Olivier Longre revient avec un second album comme une interrogation du passé. Fruit de la découverte fortuite de la correspondance de ses arrière-grands-parents durant la première guerre mondiale.
La musique peut-elle interroger la mémoire ? Peut-elle faire office de témoignage ? Peut-elle ramener à la surface un univers, une époque, des personnes ? C’est un peu la question que se pose Olivier Longre dans son second album solo, Lettre à Jeanne.
A travers ces onze vignettes pour la plupart instrumentales, c’est la boue des tranchées de 14 que l’on ressent, l’amour d’un soldat pour sa fiancée loin du front. A des années lumières du Ypres des Tindersticks, tout en ombres, c’est la vie qui s’exprime dans cette Lettre à Jeanne.
Vous ne connaissez pas Olivier Longre et vous avez bien tort. Auteur d’Antique Melodies sorti en 2013 mais également collaborant de manière régulière avec Amélie Les Crayons, Olivier Longre sait à partir de peu constituer des scènes si évocatrices que les images passent devant vos yeux comme une lanterne magique qui n’en finirait pas de tourner.
Il y a du Olivier Longre dans Amélie Les Crayons et il y a du Amélie Les Crayons chez Olivier Longre.
Vous ne connaissez pas Amélie Les Crayons et vous avez bien tort. Des artistes de la nouvelle scène française, c’est une des plus discrètes. Un pied dans l’envie de raconter des histoires, un autre dans une envie de ne pas se prendre qu’au sérieux. Encore un autre dans une douceur que ne renierait pas Anne Sylvestre.
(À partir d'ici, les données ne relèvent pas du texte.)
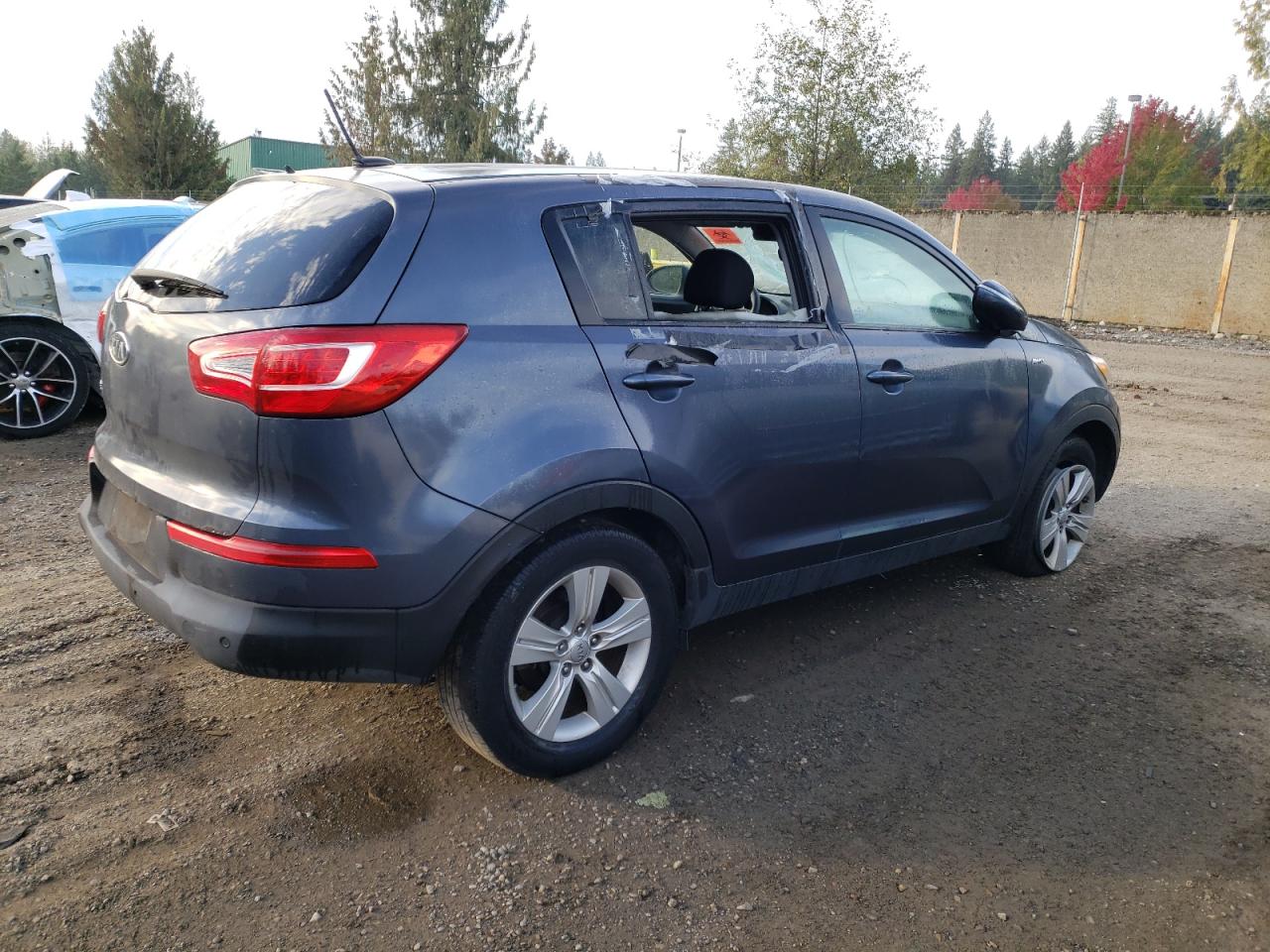 Image 3 of 2012 KIA SPORTAGE LX 2012 with VIN KNDPBCA22C7250331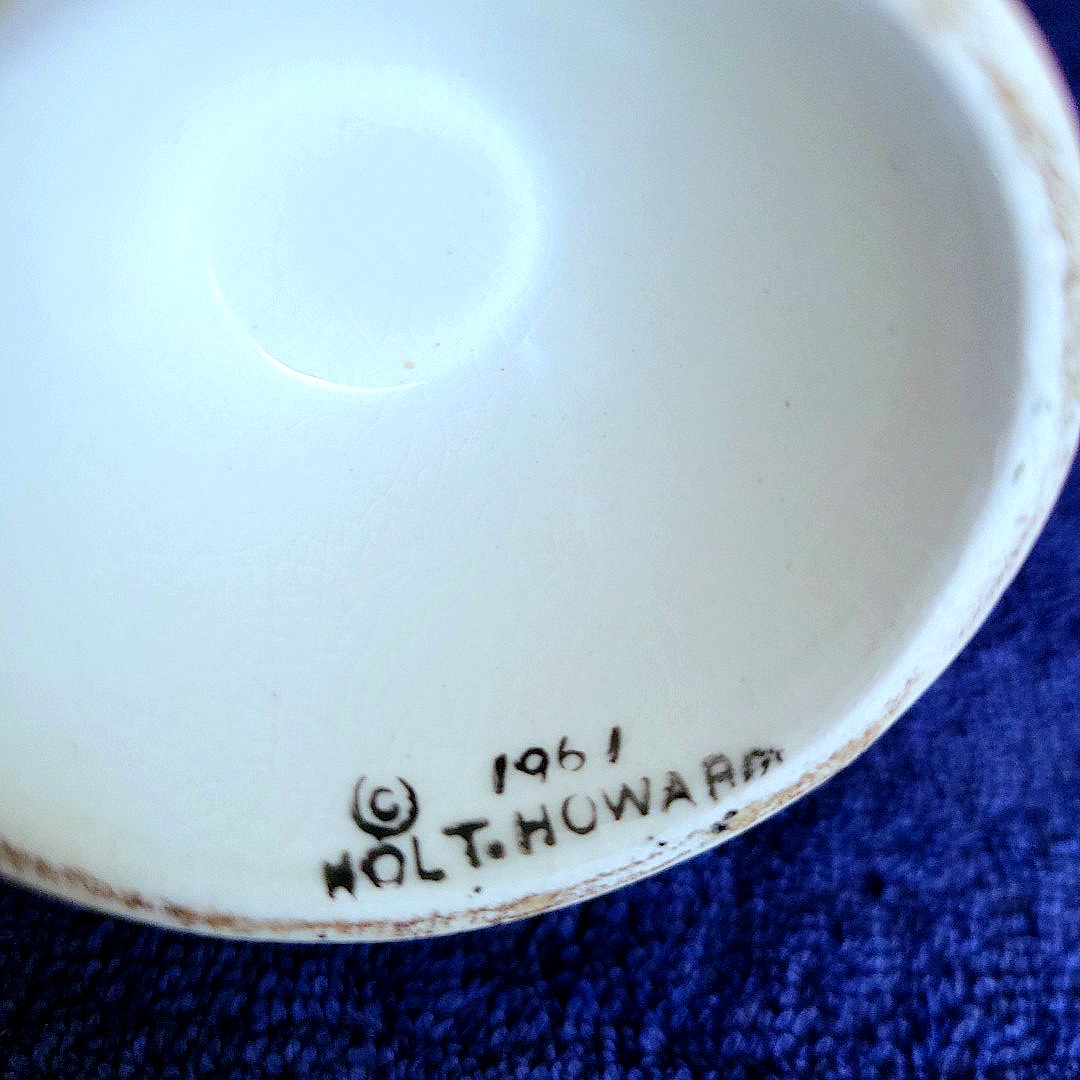 1961 Holt Howard backstamp on a single-sided Coq Rouge egg cup.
Au milieu de tous ces pas chassé-croisé, il y a une artiste, une vraie, singulière et forte. Et encore derrière, il y a un certain Olivier Longre, arrangeur des envies de son amie.
Avec Lettre à Jeanne, Olivier Longre interroge son rapport à son passé, celui qu’il n’a pas vécu, à sa famille, à la vie avant lui.
Tout commence avec la découverte d’une vieille boite en métal en fouillant dans le grenier de la vieille maison familiale.
C’est le début de l’été, on est en quête de fraîcheur. Sous les combles, sans doute l’ombre sera-t-elle plus accueillante. La petite échelle fait un petit bruit sec et vermoulu.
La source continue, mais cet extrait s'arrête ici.